Gaps in Drug Accessibility in Rural India

Nearly 65% ​​of the Indian population residing in rural India has access to only 30% of the total available health infrastructure. In India, while affordability has received political attention, in the form of price controls; the availability of drugs, especially in rural areas, remains a serious concern. “Physical reach” is a parameter used to assess access and is defined as “the presence of a pharmacy within 5 km of the place of residence or work”. Using this definition, a 2012 study found that in rural India, 63% of people were unable to access pharmaceutical facilities within 5 km. Due to limited access, patients often tend to delay routine checkups or avoid treatment, leading to late detection of health issues or lack of treatment in the early stages. This, together with the epidemiological shift towards NCDs, presents us with a huge challenge.

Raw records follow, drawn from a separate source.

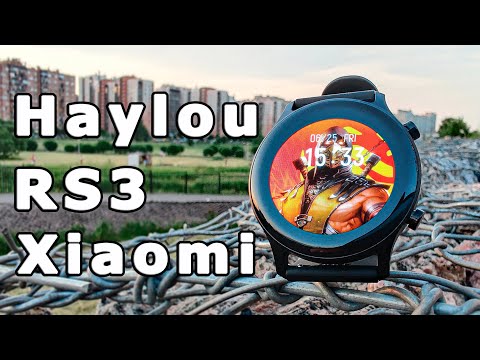 Видео: БЮДЖЕТНЫЕ УМНЫЕ ЧАСЫ С GPS🔥 Xiaomi Haylou RS3 НОВЫЙ ТОП СЯОМИ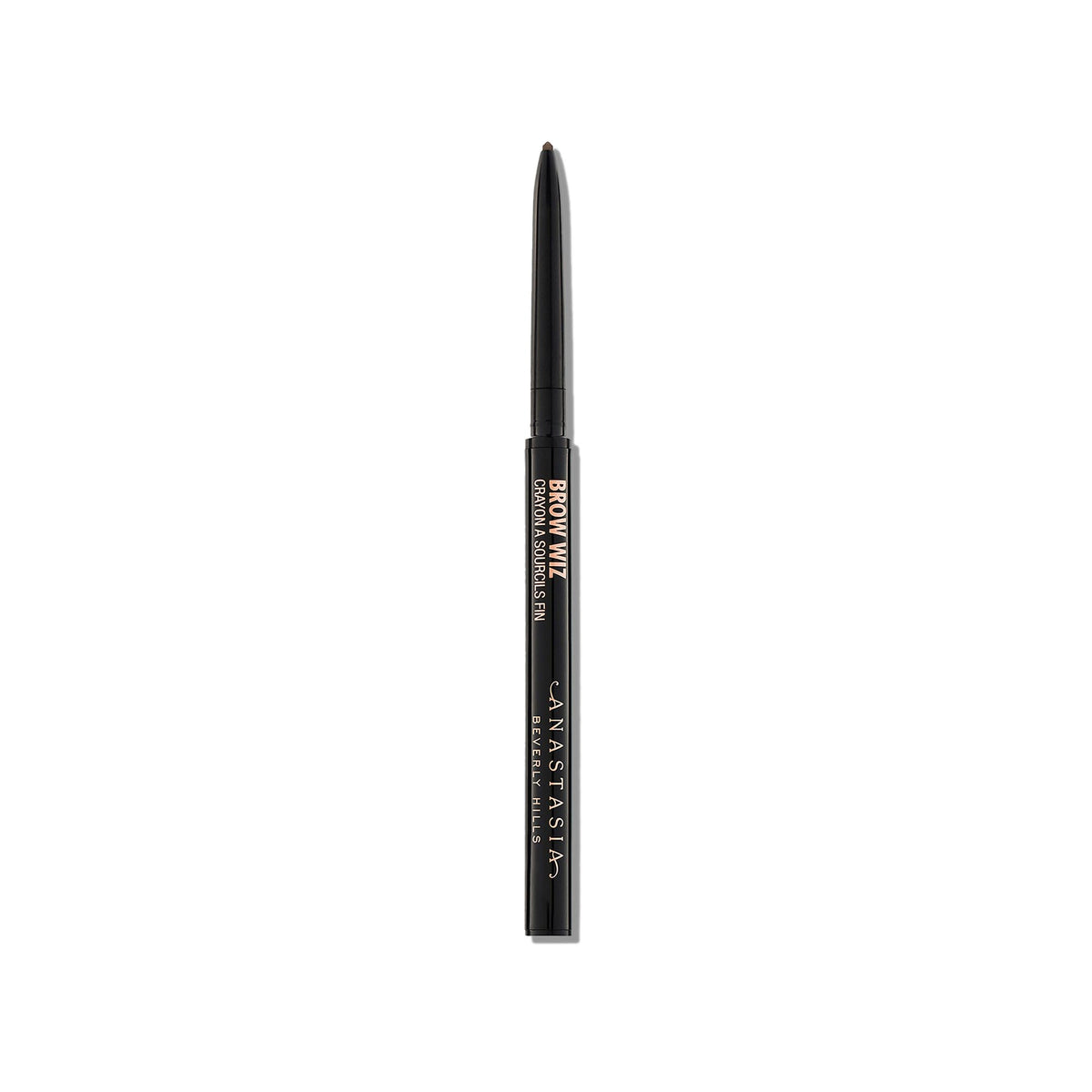 Anastasia Beverly Hills Deluxe Mini Brow Wiz Taupe product shot for precise brow definition.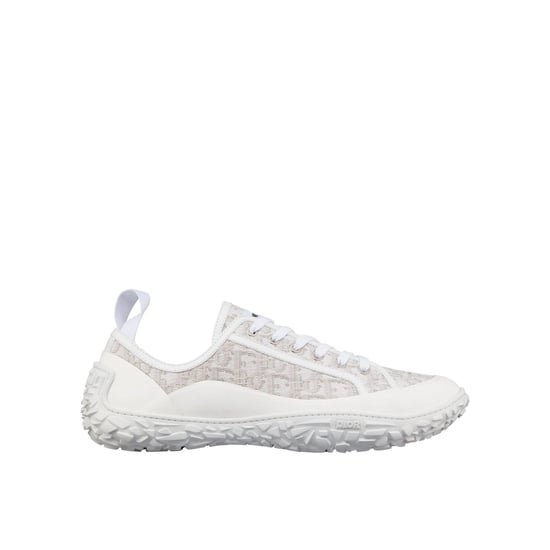 Dior Low-Top Jacquard Sneakers - Image 1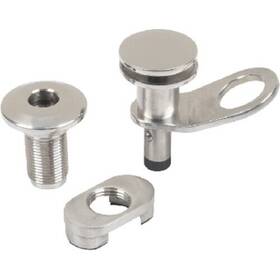 50-30141 Seachoice Stainless Steel Fender Holder Kit 3/8 Inch Eye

The inaccessibility of medicines in rural India is a multi-faceted problem. Organized pharmacy businesses are reluctant to open outlets in rural areas because their growth is largely driven by urban demand. The top 2 pharmacies in India cover less than 10% of the Indian population. To top it off, low margins, pharmacy operational problems and security concerns have ensured only limited penetration of pharmaceutical companies in the villages. However, with drug sales increasing by 17% in rural areas and with more than a third of the national annual sales of almost ₹80,000 crore coming from rural and semi-urban markets; this represents a huge opportunity for pharmaceutical companies to expand into rural markets, which will be the growth engines of the domestic pharmaceutical industry in the years to come.

Another major challenge in improving drug accessibility in rural India is poor medical assistance. The pharmacist-to-patient ratio in rural India stands at 1 pharmacist for every 4000 people – well below the WHO recommended level. Therefore, efforts should be made to ensure that pharmacies are adequately staffed with competent pharmacists who can dispense the correct drugs. This can be done by training pharmacists in rural areas and having them certified. Additionally, they should also be trained to screen and refer patients to secondary and tertiary health care facilities, in case of escalation. Digital adoption of training, as in the education technology space, can be embraced for skills upgrading and assistance when in doubt.

Frequent stock-outs are another major fault line. The current ecosystem is designed to have detailed systems in place to prevent such crises. Drug stocks in the public health system are supposed to be checked regularly and suppliers are kept informed of future needs. Therefore, whenever such drug stock-outs occur, they are man-made, either through negligence or self-interest. There must be a system of checks and balances to hold every member involved in the supply chain accountable, so that stock-outs, when they occur, can be stopped, at their source. According to a study, about 60% of drugs in public health facilities are out of stock for 6 months, which poses a huge risk of disease progression.

Other factors such as uneven distribution networks, lack of storage facilities and poor infrastructure for the movement of medicines from source to final consumer also affect accessibility of medicines. India spends less than 4% of its GDP on health care. In order to address these infrastructure issues, this amount should be doubled, and states that allocate less allocations to health care should be encouraged and supported to increase spending on improving health infrastructure.

If India is not to see itself in the ironic position of acting as a pharmacy for the world, but neglecting its own rural pockets, the issue of affordability of medicines must receive immediate attention and things must move on field.



The opinions expressed above are those of the author.